Along with being heirs of God’s glory, Paul, in this passage, mentions suffering. What kinds of suffering are we willing to endure? For first century believers and for many around the world today that are Christ followers, there is economic and social prices to be paid for being Christian. Some face physical torture. Some face death. Even in countries where Christ is still tolerated or is encouraged, we must not become complacent. To live as Jesus did – serving others without expectation of payback, resisting the temptation to conform to the ways of the world, and heeding the call to call out what is evil and against God’s Word, and to love others so much that you are willing to die for them – exacts a price. How far are you willing to go? Being a Christian involves making small choices that separate us from the crowd and sometimes it involves making big ones. Are you content with your American dream lifestyle of me, me, me and gathering all the toys you can? Are you willing to chuck it all and follow where God leads you. Are you willing to say yes to Jesus? or do you say yes to the American dream of stuff, stuff and more stuff.

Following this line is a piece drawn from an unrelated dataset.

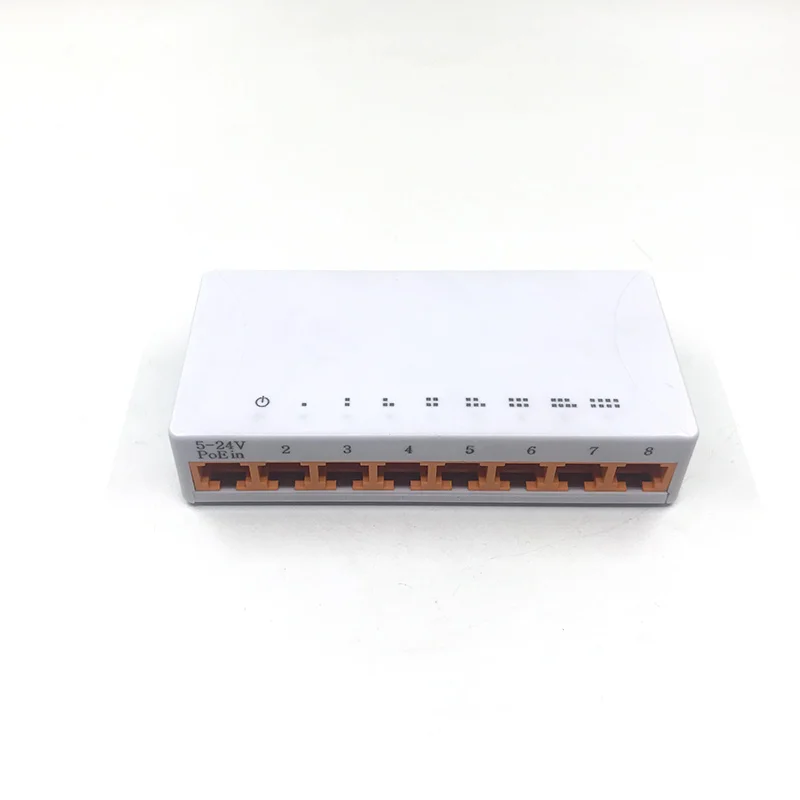 OEM новая модель 8 портов гигабитный коммутатор Настольный RJ45 Ethernet 10/100/1000 Мбит/с Lan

Comfort. cushiness. Complacency. Just because we go the most up to date current cool church with over the top service to the community and the latest Christian music doesn’t mean anything if we do not answer the call as Christians. If we just sit in a pew on Sunday and that’s the comfy Christian life we want, we are missing the point. It doesn’t matter that you attend a cutting edge church if you don’t heed God’s call, if you do not put your yes on the table. Are you willing to follow God’s call? It may involve selling your house and all your possessions and moving to Nigeria to help Christians being persecuted there? It might involve chucking it all and teaching in an inner city school? Christ did not promise us the American dream. He promised us suffering in His name. How far are you willing to take your faith? This is the question that I am struggling with now. The deeper you go with your faith, the more you are convicted of the inadequacy of it. Jesus went to the cross for us. How far are willing to go to make his name known?

Paul says what we suffer here is nothing compared to the glory that we will be rewarded with in Heaven. Do we really, really believe that? Christians in Nigeria believe it. Christians in Sudan believe it. Christians in Iraq believe it. Nothing that we go through here compares to the glory that we will receive in Heaven. Even dying in the name of Jesus is temporary pain compared to the glory of heaven. Even though we don’t often die in the name of Jesus here, we do still have our personal trials and tribulations, divorce, death of loved ones, job loss, and so on. We suffer in those ways here but the suffering we as humans endure is nothing compared to our future glory in heaven. Nothing we endure here is so nasty and ugly that it can trump our reward in Heaven as Christ followers. Many of us are so worrried out this life and being happy and content that we sell out our souls to chase after these worldly things. Paul says our future glory is what we should be chasing. All this, this is just temporary. Its seasonal fashion. Here today. Gone tomorrow. When we are chasing after Jesus, none of this temporary stuff matters. We have our eyes on the eternal prize. How far your faith? How much in love with this life are you? How deep are you willing to go? Are you all in?